Directions – When the line containing "Porcelain veneers lined up on dark surface." appears in the entries below, begin printing there and stop after the line containing "Stairs with perforated"; print each of those lines exactly and no other line.

Records contained in a dataset:
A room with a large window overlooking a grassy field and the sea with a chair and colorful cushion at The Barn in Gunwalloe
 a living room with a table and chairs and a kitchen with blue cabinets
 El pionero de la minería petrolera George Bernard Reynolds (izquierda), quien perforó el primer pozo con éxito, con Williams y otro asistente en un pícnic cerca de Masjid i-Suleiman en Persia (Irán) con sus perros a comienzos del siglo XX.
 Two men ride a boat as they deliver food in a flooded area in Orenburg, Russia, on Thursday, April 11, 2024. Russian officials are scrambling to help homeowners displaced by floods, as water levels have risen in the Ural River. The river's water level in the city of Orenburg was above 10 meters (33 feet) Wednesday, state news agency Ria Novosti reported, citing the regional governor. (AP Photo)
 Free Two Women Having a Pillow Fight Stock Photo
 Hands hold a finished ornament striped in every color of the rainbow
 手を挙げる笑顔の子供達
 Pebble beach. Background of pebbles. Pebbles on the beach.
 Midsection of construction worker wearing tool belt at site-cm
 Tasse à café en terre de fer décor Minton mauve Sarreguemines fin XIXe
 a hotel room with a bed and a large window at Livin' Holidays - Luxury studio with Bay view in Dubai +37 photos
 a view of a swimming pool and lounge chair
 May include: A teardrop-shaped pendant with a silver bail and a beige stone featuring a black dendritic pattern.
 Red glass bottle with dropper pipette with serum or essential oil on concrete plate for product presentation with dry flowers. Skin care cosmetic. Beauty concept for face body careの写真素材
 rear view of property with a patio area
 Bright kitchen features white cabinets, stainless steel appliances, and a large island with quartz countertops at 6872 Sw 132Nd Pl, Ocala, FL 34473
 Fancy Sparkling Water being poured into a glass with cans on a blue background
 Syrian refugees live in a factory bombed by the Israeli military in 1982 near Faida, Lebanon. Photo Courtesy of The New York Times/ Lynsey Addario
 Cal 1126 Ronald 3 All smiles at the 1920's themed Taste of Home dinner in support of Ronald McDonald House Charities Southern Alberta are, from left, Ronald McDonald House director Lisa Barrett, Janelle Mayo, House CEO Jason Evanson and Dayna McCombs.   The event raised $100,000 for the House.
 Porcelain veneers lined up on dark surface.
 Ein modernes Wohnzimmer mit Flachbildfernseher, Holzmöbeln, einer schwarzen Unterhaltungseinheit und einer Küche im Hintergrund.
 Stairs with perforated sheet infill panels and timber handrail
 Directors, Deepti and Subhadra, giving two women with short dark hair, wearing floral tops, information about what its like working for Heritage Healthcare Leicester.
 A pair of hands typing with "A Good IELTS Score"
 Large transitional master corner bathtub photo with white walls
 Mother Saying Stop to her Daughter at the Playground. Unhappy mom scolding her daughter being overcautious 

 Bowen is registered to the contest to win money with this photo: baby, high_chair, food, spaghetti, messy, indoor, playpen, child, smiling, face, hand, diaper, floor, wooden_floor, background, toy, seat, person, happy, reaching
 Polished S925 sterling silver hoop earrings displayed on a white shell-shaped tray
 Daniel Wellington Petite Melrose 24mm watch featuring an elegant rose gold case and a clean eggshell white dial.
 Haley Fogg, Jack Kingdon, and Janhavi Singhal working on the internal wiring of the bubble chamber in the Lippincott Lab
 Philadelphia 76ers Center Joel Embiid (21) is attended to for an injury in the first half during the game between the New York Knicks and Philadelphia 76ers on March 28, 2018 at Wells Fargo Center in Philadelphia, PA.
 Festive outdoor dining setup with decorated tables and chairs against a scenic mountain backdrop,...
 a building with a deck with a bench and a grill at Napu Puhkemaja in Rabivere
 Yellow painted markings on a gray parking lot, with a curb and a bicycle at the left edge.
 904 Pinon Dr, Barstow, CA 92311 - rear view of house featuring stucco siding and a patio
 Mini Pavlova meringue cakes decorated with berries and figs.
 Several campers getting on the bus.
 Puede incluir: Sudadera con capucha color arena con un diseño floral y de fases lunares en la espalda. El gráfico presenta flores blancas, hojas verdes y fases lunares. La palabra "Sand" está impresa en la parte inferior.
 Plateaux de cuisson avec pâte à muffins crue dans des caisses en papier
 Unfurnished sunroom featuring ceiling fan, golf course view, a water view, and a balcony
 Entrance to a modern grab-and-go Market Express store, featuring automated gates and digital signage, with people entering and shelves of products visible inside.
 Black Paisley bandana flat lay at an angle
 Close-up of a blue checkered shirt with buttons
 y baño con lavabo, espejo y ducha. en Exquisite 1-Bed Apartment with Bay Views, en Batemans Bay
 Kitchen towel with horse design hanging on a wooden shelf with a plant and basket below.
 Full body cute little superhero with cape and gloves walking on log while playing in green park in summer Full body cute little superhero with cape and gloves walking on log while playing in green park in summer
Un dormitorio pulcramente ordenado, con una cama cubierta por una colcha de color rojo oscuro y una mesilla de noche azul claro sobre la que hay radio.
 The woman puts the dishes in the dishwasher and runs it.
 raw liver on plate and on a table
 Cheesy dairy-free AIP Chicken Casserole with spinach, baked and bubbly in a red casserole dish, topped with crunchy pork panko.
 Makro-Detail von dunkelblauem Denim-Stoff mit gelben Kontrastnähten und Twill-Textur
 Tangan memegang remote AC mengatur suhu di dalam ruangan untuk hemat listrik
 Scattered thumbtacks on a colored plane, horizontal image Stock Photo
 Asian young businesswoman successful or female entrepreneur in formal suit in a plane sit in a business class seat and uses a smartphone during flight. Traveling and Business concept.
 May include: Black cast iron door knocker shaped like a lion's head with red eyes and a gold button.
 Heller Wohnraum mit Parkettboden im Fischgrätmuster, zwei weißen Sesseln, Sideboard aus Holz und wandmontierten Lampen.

Problem solution –
 Porcelain veneers lined up on dark surface.
 Ein modernes Wohnzimmer mit Flachbildfernseher, Holzmöbeln, einer schwarzen Unterhaltungseinheit und einer Küche im Hintergrund.
 Stairs with perforated sheet infill panels and timber handrail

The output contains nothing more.